Also those which have broken architecture and bad attitudes toward end-users. OpenSSL fits this label, but so do KDE and GNOME, IMO. Systemd as well, among the reasons I regard it so critically.
RMS reminds me of Ignaz Semmelweis. He is correct, but people stick their fingers in their ears and try to reject what he is saying because of how he delivers his message and because they are not comfortable with the implications of what he is saying.
The NSA is intercepting shipments of routers, and installing their own... stuff in them. I don't know if the stuff is hardware or just software/firmware.
How would 'open source' protect you from this? If the 'stuff' is firmware, then reflashing your own firmware after you get the device would protect you from it, but it doesn't particularly matter if the firmware you flash is open source or not. If the 'stuff' is hardware, then only someone inspecting the insides who's qualified to detect such hardware would protect you, and it's still got not much to do with open source.

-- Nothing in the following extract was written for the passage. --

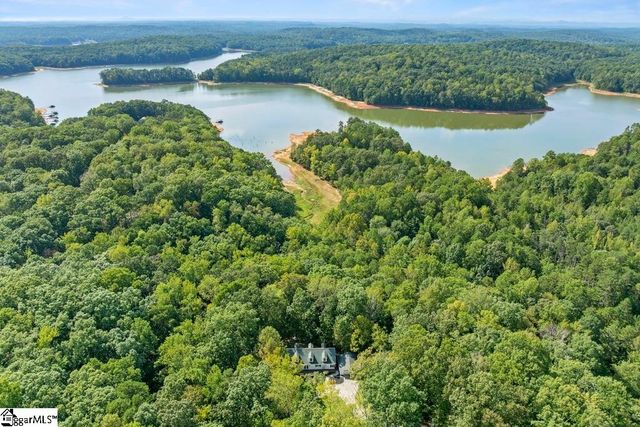 107 Buttercup Court, Westminster, SC 29693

Not unless you are only downloading pre-compiled binaries.
Some linux distributions, for instance, try very hard to only every download source from the internet, and compile it locally. This is very slow (some things can take a very long time to compile).
What downloaded binaries? The question was, is it really useful to have the source and schematics for the chips on your hardware, if NSA (as described in the article) is modifying the hardware during shipping, so you don't really know if the chip you have does what it's supposed to.
Hardware based rootkits can do pretty much everything to an OS running on that, and be undetectable from that OS.